Each line of the entries below that holds "Ford" is needed, copied in full.

**Data excerpts:**
────────────────────────────────────────

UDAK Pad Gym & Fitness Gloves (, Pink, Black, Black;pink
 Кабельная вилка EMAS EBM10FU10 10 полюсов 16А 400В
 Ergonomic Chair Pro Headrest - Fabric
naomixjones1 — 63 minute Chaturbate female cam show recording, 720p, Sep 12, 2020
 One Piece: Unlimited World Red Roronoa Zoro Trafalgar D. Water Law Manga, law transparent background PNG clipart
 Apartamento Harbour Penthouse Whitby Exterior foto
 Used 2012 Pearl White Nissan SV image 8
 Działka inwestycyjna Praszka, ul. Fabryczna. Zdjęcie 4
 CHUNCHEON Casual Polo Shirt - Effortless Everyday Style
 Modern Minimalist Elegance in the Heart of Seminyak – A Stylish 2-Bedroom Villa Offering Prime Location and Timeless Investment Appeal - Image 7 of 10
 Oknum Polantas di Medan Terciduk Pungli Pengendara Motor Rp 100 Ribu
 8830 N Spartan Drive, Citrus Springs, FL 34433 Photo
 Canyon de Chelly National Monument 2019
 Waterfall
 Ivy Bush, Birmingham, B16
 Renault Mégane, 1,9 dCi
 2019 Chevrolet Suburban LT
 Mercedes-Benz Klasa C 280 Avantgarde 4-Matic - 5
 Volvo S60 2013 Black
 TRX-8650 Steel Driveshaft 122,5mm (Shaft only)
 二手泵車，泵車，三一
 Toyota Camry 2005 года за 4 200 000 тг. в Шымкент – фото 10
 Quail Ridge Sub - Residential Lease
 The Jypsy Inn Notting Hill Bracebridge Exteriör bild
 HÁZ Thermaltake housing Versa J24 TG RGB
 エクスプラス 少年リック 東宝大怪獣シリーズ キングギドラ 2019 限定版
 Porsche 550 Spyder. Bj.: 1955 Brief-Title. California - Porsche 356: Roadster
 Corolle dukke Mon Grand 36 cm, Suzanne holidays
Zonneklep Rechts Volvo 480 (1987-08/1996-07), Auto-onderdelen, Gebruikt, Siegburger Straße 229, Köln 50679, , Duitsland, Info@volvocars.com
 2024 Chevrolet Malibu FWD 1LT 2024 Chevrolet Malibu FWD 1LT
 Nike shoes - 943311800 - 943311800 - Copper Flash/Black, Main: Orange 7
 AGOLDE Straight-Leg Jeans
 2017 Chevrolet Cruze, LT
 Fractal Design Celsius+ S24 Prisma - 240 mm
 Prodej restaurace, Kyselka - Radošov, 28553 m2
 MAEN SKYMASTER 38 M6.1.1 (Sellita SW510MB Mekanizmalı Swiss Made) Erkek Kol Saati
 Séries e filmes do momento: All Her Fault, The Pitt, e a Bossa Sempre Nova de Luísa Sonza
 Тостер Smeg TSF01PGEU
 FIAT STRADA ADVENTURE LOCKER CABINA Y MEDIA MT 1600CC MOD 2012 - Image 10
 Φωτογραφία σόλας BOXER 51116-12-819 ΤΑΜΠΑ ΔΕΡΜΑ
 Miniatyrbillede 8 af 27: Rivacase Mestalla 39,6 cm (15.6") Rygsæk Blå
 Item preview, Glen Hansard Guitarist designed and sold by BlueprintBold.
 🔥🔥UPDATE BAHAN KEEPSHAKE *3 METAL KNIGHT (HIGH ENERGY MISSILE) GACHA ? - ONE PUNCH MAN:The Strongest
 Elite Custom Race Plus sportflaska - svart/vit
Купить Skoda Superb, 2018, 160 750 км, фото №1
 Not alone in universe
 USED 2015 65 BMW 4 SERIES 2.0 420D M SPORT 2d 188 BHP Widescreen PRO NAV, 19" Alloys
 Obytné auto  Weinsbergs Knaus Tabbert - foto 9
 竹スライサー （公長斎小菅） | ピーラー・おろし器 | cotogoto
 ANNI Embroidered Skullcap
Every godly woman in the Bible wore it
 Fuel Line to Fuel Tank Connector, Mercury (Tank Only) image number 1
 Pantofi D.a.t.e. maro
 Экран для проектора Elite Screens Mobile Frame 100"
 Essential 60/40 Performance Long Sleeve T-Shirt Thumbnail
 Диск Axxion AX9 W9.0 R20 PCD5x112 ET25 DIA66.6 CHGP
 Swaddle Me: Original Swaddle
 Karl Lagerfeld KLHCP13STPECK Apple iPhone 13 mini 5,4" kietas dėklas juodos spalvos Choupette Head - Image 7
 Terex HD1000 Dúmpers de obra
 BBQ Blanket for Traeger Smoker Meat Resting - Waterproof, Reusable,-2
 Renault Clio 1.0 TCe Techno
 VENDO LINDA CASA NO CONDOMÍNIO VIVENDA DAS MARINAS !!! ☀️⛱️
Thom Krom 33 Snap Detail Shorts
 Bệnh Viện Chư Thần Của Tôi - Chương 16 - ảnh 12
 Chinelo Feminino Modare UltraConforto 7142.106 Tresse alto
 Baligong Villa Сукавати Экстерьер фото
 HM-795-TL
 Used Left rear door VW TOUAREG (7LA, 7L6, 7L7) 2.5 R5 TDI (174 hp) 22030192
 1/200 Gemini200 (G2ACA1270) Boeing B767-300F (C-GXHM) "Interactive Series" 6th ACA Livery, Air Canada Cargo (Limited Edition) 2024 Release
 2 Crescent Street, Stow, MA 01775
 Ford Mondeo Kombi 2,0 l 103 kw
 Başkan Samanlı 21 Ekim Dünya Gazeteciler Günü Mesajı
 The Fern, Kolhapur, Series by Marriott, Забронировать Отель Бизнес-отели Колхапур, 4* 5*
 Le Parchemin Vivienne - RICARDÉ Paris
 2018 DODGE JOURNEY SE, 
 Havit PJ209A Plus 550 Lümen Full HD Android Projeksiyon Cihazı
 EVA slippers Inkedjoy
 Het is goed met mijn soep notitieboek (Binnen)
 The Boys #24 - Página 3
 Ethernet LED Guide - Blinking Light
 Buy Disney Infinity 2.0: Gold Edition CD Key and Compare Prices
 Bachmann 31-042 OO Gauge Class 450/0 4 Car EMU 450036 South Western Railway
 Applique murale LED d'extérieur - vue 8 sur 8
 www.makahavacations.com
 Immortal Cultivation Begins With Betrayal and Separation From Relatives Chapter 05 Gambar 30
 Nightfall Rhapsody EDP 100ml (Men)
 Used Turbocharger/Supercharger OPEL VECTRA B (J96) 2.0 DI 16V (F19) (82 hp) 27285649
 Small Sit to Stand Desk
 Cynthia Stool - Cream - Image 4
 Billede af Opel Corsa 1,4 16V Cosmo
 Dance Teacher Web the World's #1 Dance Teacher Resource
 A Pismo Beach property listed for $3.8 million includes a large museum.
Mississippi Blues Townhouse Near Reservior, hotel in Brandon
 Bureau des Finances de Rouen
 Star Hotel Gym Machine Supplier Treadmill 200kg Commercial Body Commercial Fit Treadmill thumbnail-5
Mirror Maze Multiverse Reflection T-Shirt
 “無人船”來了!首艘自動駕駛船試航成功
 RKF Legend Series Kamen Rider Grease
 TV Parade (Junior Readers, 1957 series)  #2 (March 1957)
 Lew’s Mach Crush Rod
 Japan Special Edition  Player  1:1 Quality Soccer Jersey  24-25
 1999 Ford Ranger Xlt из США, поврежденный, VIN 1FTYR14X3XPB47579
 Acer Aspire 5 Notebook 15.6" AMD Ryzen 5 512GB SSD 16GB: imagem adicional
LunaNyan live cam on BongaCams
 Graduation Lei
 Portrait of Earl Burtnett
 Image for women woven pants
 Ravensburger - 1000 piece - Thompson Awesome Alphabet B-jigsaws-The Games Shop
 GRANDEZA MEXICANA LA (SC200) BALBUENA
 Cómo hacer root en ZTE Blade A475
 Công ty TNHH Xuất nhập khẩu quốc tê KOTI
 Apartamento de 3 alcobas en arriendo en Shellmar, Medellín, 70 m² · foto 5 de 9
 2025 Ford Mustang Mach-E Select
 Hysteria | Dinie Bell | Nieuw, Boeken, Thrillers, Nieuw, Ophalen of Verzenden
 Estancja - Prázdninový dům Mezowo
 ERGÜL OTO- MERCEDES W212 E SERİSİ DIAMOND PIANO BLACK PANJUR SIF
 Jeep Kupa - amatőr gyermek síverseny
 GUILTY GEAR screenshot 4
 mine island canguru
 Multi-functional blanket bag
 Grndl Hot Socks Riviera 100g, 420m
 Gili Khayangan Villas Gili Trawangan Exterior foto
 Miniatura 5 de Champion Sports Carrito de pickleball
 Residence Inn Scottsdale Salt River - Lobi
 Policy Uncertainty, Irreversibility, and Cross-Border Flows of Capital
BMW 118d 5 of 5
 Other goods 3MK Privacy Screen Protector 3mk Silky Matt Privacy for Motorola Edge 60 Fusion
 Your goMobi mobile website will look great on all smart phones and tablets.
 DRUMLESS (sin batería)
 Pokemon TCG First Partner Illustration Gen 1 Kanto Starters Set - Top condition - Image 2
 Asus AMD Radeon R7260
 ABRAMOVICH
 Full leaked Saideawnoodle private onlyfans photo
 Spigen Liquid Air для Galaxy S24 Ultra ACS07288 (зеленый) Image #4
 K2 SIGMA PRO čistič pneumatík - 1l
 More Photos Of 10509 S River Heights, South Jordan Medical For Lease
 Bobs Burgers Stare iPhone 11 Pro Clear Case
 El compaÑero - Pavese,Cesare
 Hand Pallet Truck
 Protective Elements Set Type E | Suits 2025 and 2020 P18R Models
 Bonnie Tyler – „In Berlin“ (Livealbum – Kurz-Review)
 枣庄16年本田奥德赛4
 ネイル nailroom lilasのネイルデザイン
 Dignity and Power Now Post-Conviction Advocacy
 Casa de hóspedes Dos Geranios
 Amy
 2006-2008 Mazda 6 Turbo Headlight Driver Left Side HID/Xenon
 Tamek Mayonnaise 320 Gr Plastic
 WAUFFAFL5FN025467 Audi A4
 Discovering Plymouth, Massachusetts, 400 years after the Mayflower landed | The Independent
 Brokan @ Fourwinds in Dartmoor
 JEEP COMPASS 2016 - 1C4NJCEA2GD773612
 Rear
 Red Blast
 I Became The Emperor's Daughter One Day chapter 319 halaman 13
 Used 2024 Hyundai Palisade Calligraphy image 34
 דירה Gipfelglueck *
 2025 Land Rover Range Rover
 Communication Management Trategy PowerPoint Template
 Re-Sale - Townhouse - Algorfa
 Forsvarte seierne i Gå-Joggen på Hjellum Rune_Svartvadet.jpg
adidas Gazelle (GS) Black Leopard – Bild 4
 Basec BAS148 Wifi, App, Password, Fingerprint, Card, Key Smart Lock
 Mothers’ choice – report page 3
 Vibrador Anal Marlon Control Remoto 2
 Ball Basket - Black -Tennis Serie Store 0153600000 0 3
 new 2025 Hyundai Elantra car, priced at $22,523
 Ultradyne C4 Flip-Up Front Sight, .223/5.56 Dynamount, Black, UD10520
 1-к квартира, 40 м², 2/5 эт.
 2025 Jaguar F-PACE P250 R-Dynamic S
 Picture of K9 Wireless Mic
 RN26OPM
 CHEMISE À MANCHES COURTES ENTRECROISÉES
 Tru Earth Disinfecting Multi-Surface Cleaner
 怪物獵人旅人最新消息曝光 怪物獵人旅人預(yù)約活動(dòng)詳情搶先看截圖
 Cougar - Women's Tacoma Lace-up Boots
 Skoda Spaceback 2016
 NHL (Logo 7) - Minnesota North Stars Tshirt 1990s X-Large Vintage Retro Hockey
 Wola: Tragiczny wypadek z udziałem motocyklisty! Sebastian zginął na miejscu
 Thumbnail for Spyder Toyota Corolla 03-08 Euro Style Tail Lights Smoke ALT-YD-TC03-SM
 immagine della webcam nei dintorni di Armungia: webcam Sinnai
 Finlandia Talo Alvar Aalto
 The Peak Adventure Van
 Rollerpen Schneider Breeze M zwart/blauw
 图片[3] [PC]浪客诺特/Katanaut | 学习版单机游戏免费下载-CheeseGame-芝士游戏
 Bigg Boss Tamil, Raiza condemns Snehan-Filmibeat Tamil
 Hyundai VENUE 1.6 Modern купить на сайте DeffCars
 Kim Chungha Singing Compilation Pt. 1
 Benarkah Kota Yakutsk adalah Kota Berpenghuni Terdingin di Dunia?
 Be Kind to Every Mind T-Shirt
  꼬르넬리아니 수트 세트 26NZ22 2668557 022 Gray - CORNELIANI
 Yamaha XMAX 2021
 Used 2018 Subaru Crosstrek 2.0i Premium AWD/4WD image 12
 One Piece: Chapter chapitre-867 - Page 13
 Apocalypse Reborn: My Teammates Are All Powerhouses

────────────────────────────────────────

**Answer:**
 Ford Mondeo Kombi 2,0 l 103 kw
 1999 Ford Ranger Xlt из США, поврежденный, VIN 1FTYR14X3XPB47579
 2025 Ford Mustang Mach-E Select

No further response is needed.